DroneVehicle: UA-CMDet achieves $64.01\%$ mAP, outperforming RGB-only by $16.1\%$ and IR-only by $4.86\%$ , with strong results for both day and night scenarios (Sun et al., 2020).
Nighttime, adverse weather, or sensor attack settings: UMoE and YOdar yield up to $10$ points mAP gain, reduce high-uncertainty false positives, and maintain detection fidelity when one modality degrades (Lou et al., 2023, Kowol et al., 2020).

Ablation studies confirm that each stage—uncertainty modeling, encoding/normalization, gating/weighting, and adaptive NMS—contributes non-trivially to robustness and systematic uncertainty reduction. E.g., elimination of UAM or IA-NMS from (Sun et al., 2020) yields up to $1.5\%$ mAP drop.

6. Limitations, Open Problems, and Future Directions

UA-CMDet frameworks commonly share several limitations:

Single-Modality Proposal Dependence: Systems where proposals are from only one sensor (e.g., LiDAR) may miss fully occluded or modality-specific objects (Feng et al., 2020). Generating proposals from all available modalities could mitigate this.
Partial Uncertainty Modeling: Epistemic uncertainty is frequently omitted or limited to the detection heads or backbone. Extending uncertainty quantification to the fusion head, employing Bayesian weights or deep ensembles, or considering uncertainty mass across all stages (as in subjective logic fusion) are active research topics (Yang et al., 11 Oct 2024).
Uncalibrated Uncertainty Measures: Modality-dependent confidence scales are not directly comparable. Approaches such as normalized deviation ratios (Lou et al., 2023) and learned Dirichlet fusion (Yang et al., 11 Oct 2024) partially address this, but cross-dataset calibration remains challenging.
Failure to Salvage Missed Detections: If one modality entirely fails to propose an object, late decision-level fusion cannot rescue the detection (Yang et al., 11 Oct 2024).

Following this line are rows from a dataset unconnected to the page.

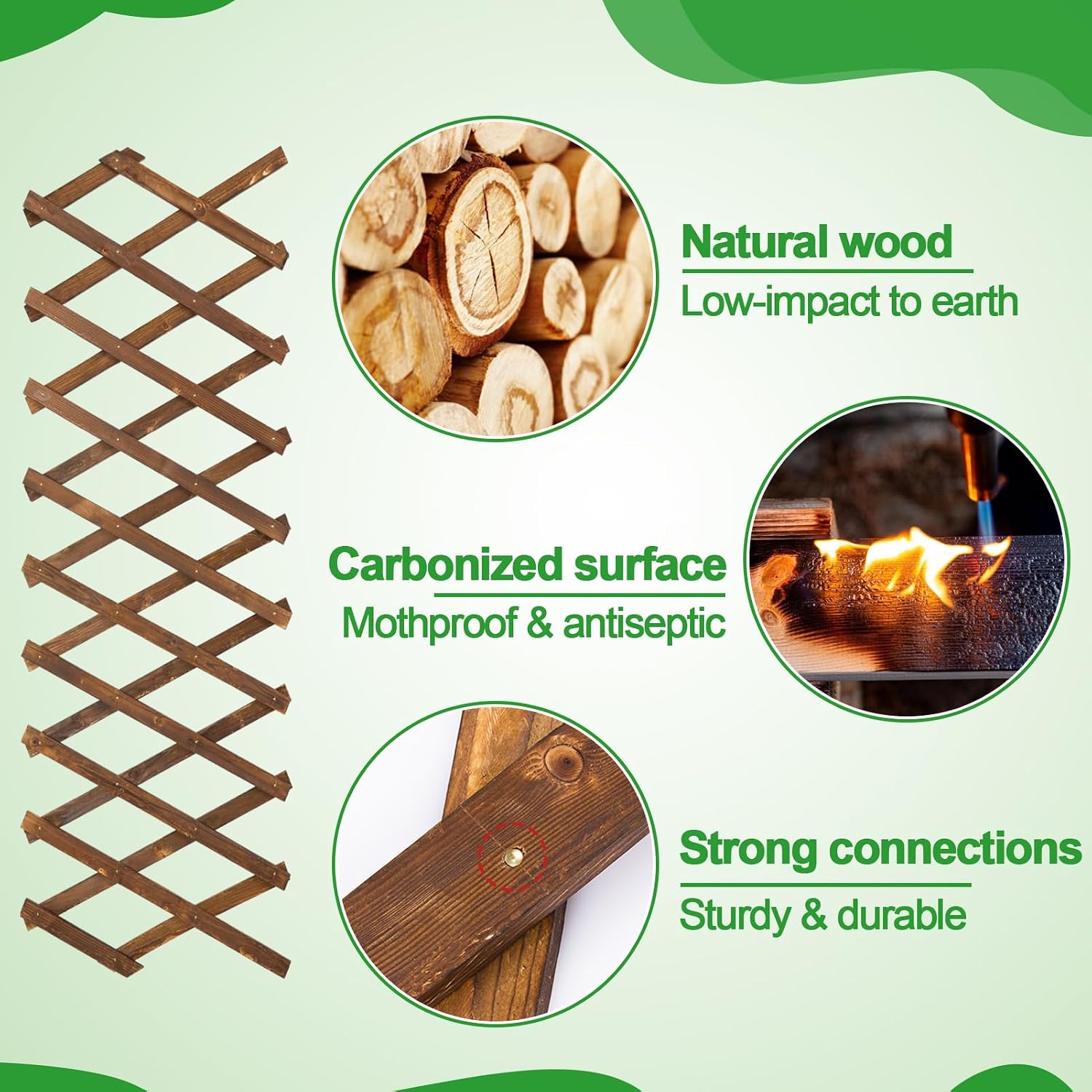 2Pcs 13x78 Expandable Wood Wall Trellis for Climbing Plants Outdoor/Indoor | Thick Wood, Decorative Lattice Panels for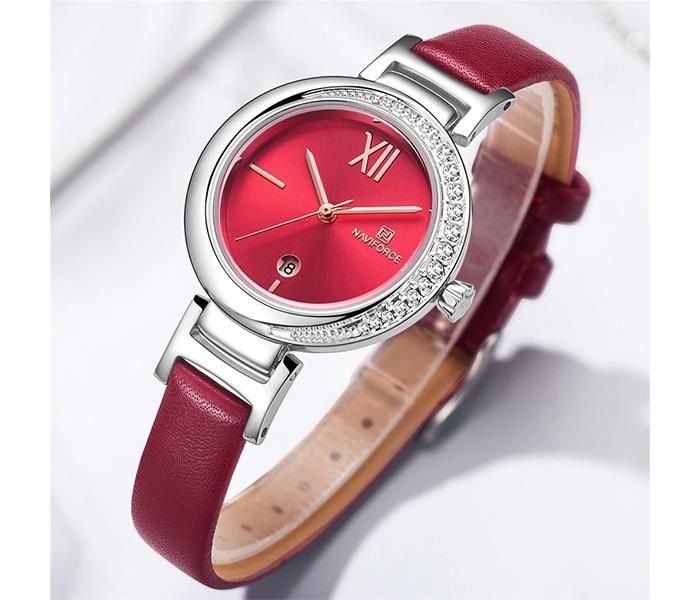 Naviforce NF5007 Quartz Leather Strap Analog Watch for Women - Red - Zoom Image 3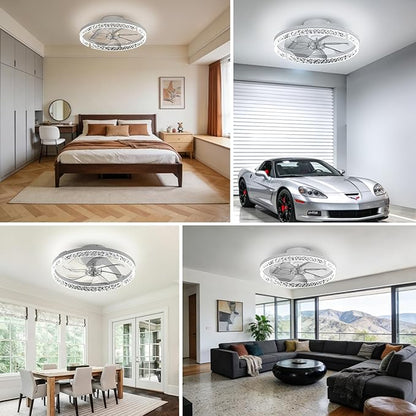 AIKVSXER Ceiling Fans with Lights,20 Inch Low Profile Fandelier with APP Control, Ultra Quiet,3CCT and 6 Wind Speeds for Bedroom, Living Room Modern Flush Mount Fan Light (White, 20inch-Crystal Fold)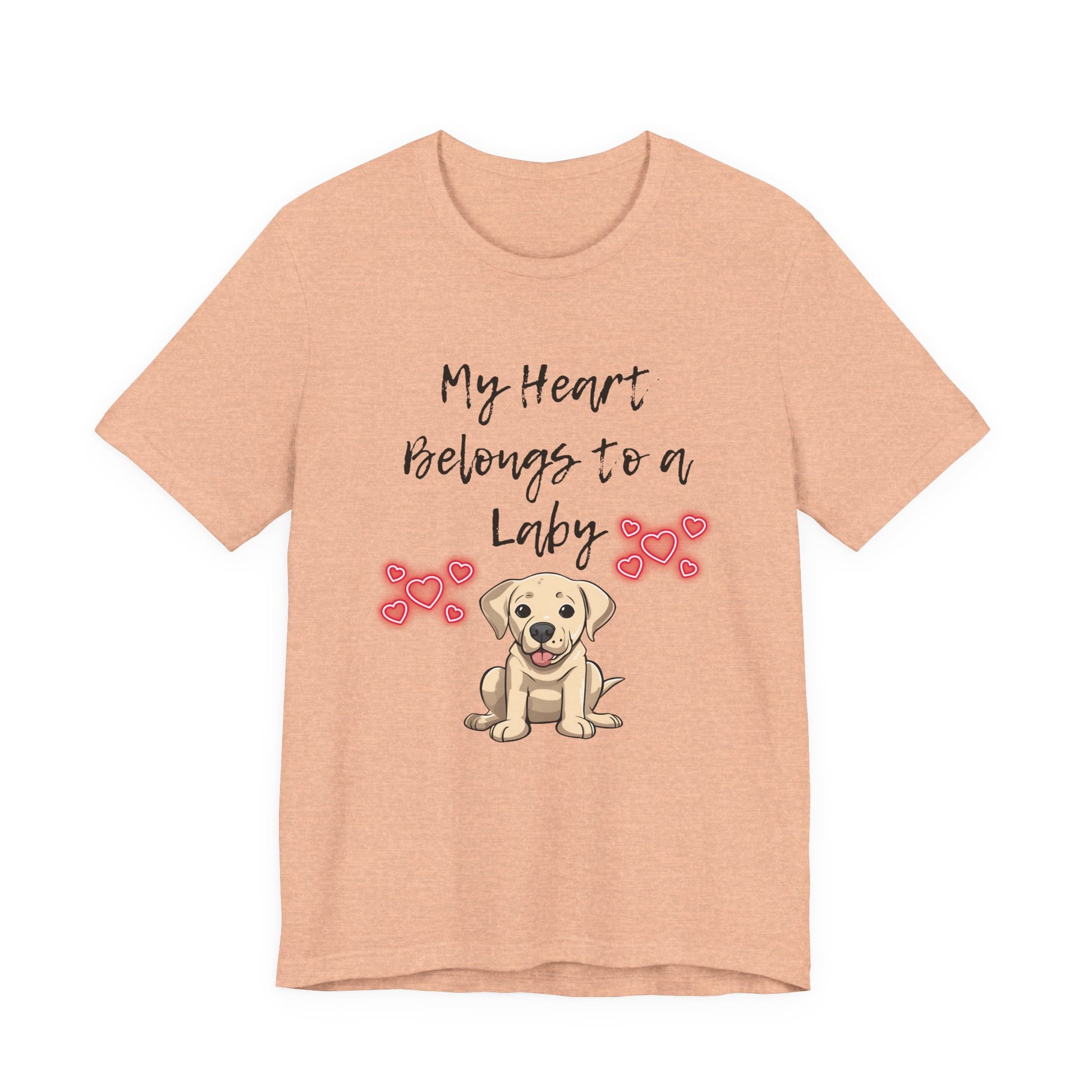 My Heart Belongs to a Laby Labrador t-shirt in Heather Peach, flat lay front view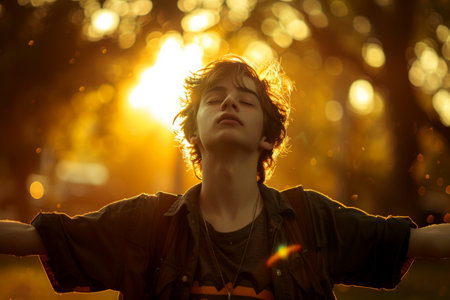 man standing with arms outstretched in natural at sunset .generative ai.の素材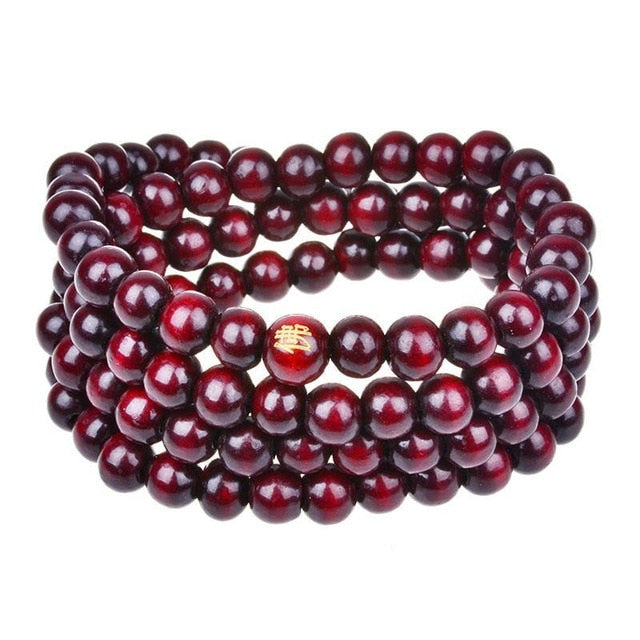 Pulsera 108 cuentas 8mm natural madera de sándalo budista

Scalability to multi-class detection, adaptation to new sensor types (radar, ultrasonic, event cameras), and integration with end-to-end planning systems represent future directions.

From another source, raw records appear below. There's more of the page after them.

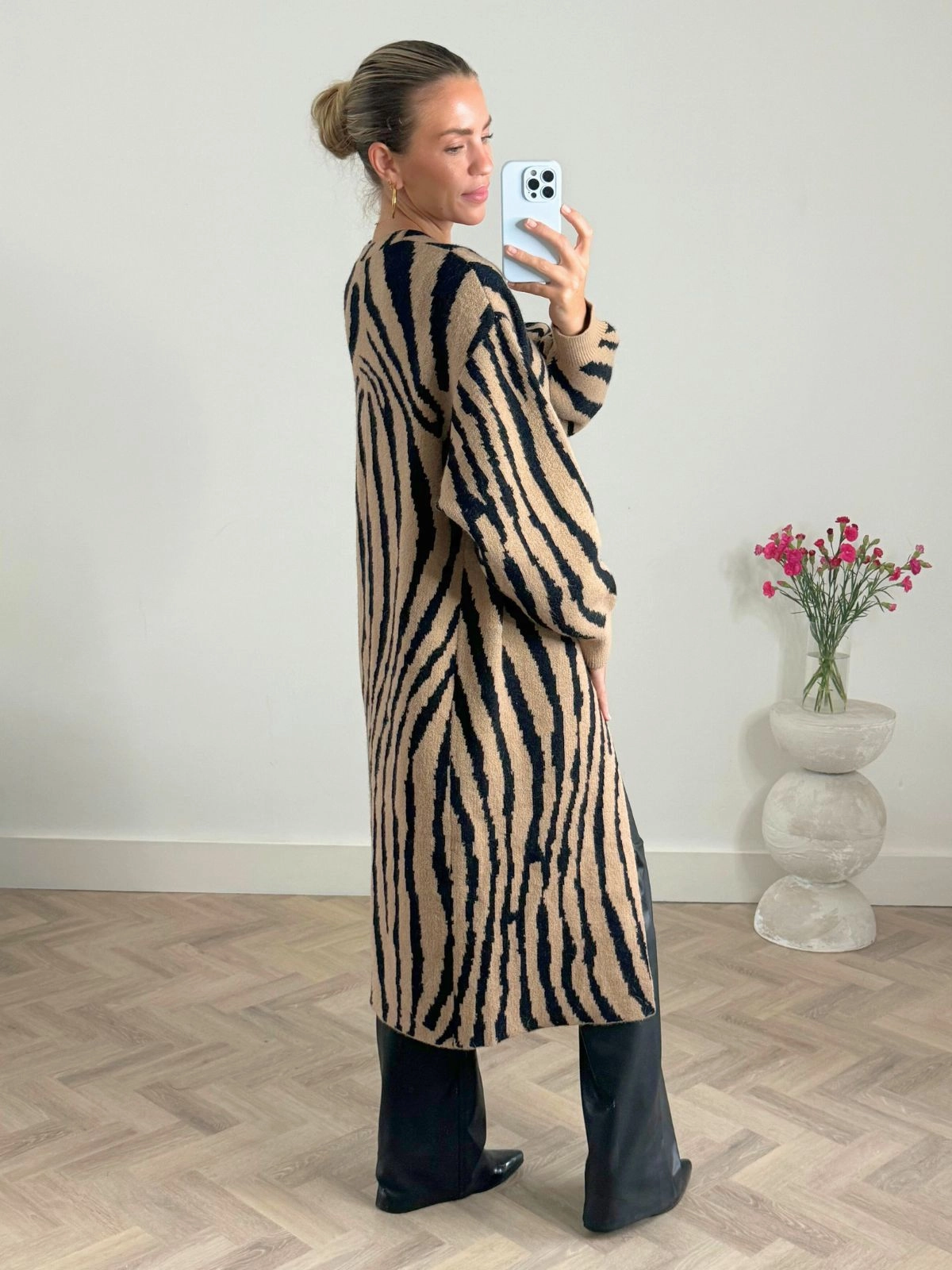 Eliana Zebra Cardigan In Neutral & Black DurableDoubleLayeredHem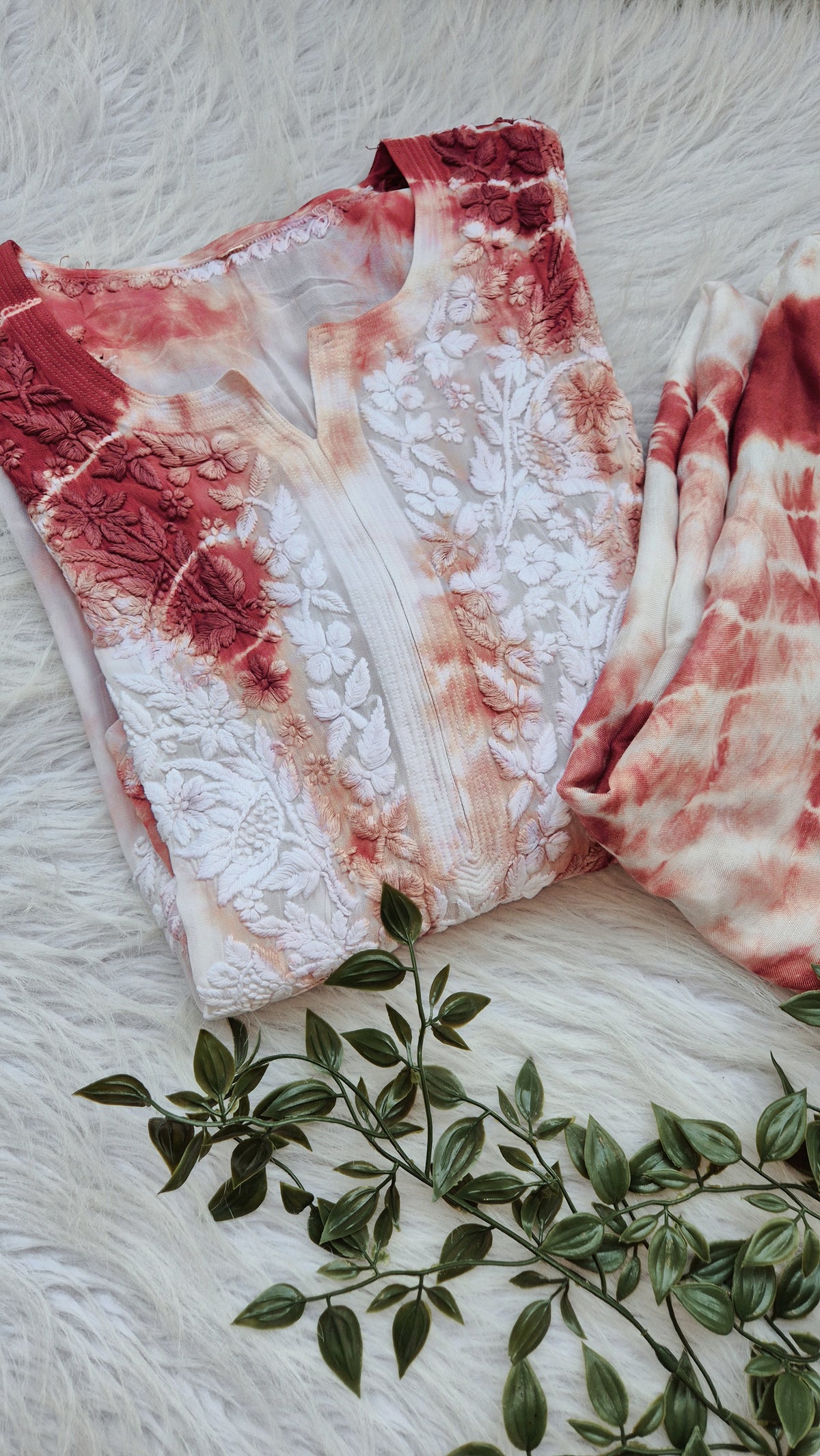 Beautiful handmade Georgatte tie-dye Chikankari Kurta by LVW Fashions, featuring intricate Lucknow Chikankari embroidery.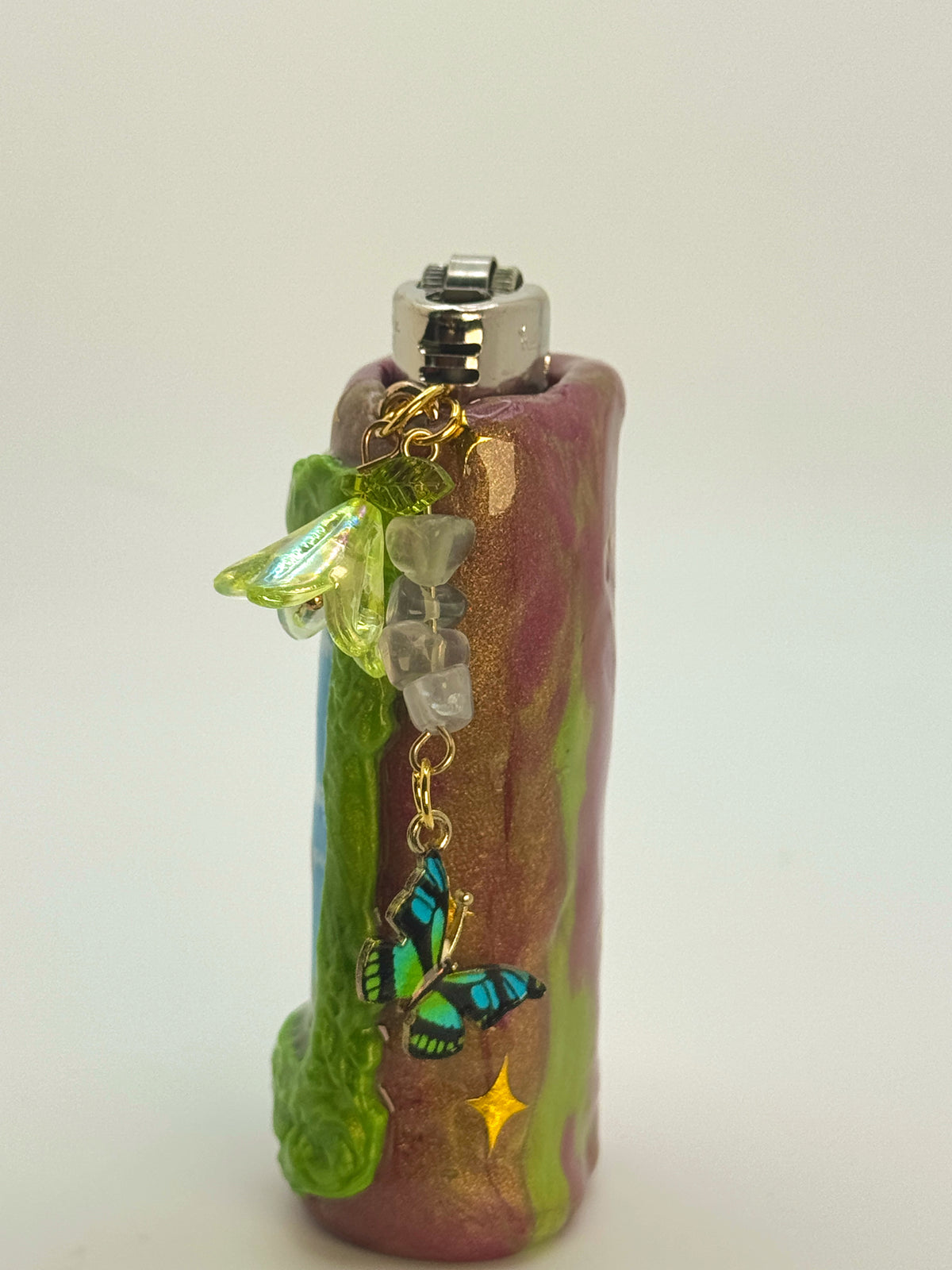 Vintage Frame Rip It Frog Case with charm| Fits Standard Bic | Handmade Polymer Clay Art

7. Summary of Core Approaches and Empirical Results

The following table summarizes major UA-CMDet approaches and their salient characteristics and empirical improvements:

Approach	Fusion Level	Uncertainty Modeled	Key Gains
Two-Stage Probabilistic (LiDAR+RGB) (Feng et al., 2020)	Proposal + Feature	Aleatoric (LiDAR), entropy on classification	+7% AP, +20% robustness to misalignment
Late Dirichlet/Subjective Fusion (Yang et al., 11 Oct 2024)	Output/Score	Evidence theory vacuity, softmax entropy	+13% AP (Easy), 4x uncertainty reduction
Mixture-of-Experts (UMoE) (Lou et al., 2023)	Proposal	Aleatoric, epistemic, normalized deviation	+10 pts AP in harsh weather/attack scenarios
Early Fusion BEV Map (Wirges et al., 2019)	Backbone	Aleatoric + epistemic via MC-Dropout	mAP~82% (Car, KITTI), improved calibration
RGB-IR Oriented Detection (Sun et al., 2020)	Multi-Head	Cross-modal, illumination, annotation-based	+16.1% mAP over RGB-only
Meta-Classifier (YOdar) (Kowol et al., 2020)	Post-Hoc	Confidence, mean/var on radar-slice evidence	+8 pts mAP (night), halved false positives

Each method demonstrates that principled uncertainty modeling and propagation across modalities and fusion stages is crucial for safe and robust vehicle detection in real-world, safety-critical environments.